Del Ponte was not aware on that Oct. 21 evening that just blocks away at the Konak restaurant in Belgrade's Topcidersko Brdo neighborhood, one of the Balkans' most notorious war crimes suspects was publicly flouting demands that he surrender to the war crimes court in the Hague. It was not the first time. Mladic's whereabouts in Belgrade have become an open secret and the Yugoslav authorities have either been unwilling or unable to capture him, Del Ponte said.
U.N. Secretary General Kofi Annan is planning to visit Belgrade Tuesday to press President Vojislav Kostunica of the Federal Republic of Yugoslavia, which is comprised of the republics of Serbia and Montenegro, to hand over Mladic. Del Ponte, who is scheduled to meet in Belgrade with Annan on Wednesday, said that her own efforts to persuade the government to cooperate have been unsuccessful, despite regular intelligence reports on Mladic's movements over the past year.
Mladic is charged with ordering the murder of thousands of civilians in the Bosnian Muslim village of Srebrenica in July 1995, the largest mass killing in Europe since World War II. Despite the arrest of Yugoslav President Slobodan Milosevic by Serbian police in April 2001, Mladic and several other Balkans war crimes suspects remain at large.
Milosevic was transferred to the Hague for trial in June 2001.

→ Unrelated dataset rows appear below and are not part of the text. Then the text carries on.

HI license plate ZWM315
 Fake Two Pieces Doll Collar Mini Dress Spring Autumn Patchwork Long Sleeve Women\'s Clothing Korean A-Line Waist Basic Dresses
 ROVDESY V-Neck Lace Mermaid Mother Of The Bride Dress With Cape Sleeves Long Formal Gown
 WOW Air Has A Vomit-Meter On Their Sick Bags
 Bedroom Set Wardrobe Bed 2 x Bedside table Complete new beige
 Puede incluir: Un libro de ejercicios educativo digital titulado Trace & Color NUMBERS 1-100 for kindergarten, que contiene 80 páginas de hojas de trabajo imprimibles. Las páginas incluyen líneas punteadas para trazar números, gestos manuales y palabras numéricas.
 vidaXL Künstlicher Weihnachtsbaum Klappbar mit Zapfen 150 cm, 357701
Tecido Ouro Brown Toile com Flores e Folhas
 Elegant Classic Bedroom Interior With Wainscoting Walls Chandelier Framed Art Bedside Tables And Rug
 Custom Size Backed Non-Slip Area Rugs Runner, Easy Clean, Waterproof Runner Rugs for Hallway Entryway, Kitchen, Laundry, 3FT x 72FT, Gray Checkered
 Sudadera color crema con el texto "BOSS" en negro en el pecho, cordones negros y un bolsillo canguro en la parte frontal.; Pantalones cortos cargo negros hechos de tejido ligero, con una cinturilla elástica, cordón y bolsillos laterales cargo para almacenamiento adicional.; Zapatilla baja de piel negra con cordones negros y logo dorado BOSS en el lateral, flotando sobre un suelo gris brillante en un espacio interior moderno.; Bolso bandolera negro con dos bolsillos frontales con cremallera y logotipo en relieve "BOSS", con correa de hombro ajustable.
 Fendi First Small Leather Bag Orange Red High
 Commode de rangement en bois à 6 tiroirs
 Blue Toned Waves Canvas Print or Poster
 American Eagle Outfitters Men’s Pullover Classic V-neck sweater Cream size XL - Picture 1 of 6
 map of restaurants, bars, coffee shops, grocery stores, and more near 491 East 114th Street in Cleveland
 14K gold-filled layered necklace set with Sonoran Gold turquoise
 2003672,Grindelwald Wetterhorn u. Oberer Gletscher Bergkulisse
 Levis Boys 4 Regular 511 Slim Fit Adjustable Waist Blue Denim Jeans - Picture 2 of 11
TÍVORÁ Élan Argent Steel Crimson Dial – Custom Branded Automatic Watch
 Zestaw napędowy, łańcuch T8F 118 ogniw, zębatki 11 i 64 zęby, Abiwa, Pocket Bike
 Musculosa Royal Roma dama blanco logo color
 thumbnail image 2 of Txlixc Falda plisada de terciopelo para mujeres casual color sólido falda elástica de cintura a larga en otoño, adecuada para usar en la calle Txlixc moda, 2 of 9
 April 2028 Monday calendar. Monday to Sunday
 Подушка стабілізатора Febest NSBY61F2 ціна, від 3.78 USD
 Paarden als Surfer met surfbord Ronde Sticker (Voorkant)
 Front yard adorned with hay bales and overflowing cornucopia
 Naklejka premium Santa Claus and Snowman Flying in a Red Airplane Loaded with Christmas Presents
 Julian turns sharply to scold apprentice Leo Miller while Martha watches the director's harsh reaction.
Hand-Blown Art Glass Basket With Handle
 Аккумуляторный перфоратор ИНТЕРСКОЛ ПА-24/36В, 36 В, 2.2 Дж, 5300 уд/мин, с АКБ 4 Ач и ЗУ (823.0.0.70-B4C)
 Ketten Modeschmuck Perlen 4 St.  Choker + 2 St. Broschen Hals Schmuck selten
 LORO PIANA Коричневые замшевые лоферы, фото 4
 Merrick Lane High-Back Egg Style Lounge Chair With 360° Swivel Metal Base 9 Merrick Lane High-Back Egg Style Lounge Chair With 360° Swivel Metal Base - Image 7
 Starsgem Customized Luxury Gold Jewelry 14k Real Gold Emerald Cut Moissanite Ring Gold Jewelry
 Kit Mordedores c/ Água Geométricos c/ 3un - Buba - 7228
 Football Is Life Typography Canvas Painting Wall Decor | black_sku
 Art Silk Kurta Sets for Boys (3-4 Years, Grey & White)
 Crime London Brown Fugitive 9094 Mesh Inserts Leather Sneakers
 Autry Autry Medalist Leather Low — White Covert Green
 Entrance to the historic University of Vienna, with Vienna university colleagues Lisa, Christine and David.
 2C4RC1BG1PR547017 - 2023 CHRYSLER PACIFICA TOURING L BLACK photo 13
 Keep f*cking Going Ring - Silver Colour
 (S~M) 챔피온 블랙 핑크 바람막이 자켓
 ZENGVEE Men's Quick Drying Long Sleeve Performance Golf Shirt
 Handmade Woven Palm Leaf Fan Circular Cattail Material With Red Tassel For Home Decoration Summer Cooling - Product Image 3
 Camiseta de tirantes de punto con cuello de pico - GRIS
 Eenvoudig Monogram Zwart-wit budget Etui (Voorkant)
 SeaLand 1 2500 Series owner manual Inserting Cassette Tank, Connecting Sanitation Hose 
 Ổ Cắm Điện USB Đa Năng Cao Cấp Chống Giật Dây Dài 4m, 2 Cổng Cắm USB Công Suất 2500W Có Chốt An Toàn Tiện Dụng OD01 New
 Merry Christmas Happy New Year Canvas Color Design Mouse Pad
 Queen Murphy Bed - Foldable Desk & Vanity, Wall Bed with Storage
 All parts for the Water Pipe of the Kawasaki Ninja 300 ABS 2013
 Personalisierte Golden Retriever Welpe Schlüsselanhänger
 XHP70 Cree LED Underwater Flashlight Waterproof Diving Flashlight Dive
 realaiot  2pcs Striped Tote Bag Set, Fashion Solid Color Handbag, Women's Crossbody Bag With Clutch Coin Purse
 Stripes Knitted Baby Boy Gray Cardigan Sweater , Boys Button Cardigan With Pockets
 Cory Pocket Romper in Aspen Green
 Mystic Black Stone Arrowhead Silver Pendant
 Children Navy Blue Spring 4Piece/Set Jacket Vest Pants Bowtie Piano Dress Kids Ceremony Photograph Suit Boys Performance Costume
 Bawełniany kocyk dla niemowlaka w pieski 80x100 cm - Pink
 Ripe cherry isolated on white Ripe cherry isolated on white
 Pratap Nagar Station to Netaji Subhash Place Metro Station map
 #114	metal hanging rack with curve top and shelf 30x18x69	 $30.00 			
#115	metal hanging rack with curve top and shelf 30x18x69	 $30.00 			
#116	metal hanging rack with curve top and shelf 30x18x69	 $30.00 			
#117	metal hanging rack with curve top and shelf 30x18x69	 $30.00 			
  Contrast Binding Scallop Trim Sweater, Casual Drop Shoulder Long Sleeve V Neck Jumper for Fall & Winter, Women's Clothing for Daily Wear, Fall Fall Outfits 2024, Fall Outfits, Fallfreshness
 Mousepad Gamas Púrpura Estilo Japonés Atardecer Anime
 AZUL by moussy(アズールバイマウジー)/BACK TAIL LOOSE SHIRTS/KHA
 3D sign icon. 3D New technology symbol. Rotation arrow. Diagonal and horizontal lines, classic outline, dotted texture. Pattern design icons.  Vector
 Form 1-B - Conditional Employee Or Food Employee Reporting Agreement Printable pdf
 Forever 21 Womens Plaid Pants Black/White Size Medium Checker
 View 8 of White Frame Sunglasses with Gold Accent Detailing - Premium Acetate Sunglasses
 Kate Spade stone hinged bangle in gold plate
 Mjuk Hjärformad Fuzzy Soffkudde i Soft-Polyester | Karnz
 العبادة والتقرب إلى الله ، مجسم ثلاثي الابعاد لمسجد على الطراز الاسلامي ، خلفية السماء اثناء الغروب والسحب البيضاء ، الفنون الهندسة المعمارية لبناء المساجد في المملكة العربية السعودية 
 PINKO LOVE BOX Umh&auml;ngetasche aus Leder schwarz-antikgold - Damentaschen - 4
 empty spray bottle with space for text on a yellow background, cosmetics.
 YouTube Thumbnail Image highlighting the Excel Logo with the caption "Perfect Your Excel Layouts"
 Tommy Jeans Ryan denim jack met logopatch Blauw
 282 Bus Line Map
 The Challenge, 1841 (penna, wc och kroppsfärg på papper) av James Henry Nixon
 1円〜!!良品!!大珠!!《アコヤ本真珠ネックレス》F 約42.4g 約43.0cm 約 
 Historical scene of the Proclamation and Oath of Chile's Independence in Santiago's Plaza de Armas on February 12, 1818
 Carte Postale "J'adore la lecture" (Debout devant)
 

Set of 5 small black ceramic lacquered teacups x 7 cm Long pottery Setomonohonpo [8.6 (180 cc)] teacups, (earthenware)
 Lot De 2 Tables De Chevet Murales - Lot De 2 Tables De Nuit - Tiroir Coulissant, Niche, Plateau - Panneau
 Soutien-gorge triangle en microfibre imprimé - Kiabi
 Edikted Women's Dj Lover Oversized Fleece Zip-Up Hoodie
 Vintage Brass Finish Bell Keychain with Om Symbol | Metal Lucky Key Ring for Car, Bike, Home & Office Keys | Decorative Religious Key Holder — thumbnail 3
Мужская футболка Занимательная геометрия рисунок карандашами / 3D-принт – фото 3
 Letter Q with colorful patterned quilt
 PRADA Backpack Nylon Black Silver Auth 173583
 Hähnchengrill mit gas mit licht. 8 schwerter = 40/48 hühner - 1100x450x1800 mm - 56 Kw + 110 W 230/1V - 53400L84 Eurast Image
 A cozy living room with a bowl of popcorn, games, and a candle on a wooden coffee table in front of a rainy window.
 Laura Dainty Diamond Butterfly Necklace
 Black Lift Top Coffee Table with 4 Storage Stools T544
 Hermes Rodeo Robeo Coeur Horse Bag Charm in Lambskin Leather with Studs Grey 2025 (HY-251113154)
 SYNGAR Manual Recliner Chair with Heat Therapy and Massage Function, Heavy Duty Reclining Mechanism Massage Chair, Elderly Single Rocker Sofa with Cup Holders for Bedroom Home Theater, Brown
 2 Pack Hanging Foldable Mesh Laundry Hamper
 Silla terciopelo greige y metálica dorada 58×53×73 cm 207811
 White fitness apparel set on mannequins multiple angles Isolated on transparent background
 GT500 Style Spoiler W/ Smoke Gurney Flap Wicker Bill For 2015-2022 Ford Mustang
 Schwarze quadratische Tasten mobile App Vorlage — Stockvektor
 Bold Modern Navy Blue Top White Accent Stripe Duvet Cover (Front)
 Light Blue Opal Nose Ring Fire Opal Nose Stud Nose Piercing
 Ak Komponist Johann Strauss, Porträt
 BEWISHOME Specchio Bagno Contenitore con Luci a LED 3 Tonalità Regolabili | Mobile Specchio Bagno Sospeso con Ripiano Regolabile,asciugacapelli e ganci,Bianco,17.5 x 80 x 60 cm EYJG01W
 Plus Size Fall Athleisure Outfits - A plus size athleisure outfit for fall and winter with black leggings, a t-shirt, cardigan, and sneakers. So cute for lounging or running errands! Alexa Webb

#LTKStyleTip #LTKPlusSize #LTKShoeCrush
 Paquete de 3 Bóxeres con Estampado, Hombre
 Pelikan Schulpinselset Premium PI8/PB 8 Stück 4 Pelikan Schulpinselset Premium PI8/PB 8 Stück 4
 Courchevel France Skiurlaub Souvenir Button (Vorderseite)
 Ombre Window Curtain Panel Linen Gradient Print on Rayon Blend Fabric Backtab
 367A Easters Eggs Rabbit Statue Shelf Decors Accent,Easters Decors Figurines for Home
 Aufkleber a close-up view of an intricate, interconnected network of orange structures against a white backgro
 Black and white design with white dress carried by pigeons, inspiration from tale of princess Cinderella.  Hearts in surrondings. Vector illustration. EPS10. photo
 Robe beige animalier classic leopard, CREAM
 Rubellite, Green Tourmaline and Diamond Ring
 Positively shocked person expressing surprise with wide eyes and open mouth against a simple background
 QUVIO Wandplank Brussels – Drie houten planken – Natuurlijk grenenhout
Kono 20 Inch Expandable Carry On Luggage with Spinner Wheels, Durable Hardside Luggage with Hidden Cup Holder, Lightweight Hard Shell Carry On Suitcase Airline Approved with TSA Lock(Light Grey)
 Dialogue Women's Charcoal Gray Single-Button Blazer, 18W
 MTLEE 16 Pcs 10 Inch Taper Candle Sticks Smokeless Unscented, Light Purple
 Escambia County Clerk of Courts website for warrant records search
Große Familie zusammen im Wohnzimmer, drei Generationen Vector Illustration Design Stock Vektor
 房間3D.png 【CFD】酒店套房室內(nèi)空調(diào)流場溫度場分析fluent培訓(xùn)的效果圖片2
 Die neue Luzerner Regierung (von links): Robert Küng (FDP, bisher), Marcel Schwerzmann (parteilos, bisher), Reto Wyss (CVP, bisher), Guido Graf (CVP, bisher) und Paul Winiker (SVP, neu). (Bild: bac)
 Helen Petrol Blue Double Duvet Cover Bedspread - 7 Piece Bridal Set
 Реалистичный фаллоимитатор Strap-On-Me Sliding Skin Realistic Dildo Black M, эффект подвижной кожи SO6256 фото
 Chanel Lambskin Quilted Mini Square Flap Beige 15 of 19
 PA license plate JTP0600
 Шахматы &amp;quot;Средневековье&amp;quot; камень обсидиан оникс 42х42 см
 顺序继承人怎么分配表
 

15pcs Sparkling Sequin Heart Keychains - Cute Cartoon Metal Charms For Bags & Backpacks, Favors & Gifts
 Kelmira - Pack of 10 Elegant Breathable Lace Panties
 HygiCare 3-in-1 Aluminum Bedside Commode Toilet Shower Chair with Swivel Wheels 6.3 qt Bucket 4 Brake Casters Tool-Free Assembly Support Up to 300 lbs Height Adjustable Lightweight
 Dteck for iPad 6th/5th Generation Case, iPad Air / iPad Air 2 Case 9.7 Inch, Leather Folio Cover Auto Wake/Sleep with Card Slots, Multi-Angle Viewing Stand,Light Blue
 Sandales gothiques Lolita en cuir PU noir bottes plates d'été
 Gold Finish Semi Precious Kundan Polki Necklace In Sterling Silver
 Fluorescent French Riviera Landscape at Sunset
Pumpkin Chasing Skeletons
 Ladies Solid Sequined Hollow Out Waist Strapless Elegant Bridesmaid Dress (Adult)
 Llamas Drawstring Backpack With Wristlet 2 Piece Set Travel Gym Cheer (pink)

The defiance of the United Nations by Yugoslavia has proven awkward for the Bush administration, which threatened to cut off aid last year to pressure Belgrade to arrest Milosevic. It illustrates how what was once a key U.S. foreign policy goal -- prosecuting those responsible for atrocities in the Balkans -- has been sidelined by the war on terrorism and the effort to disarm Iraq.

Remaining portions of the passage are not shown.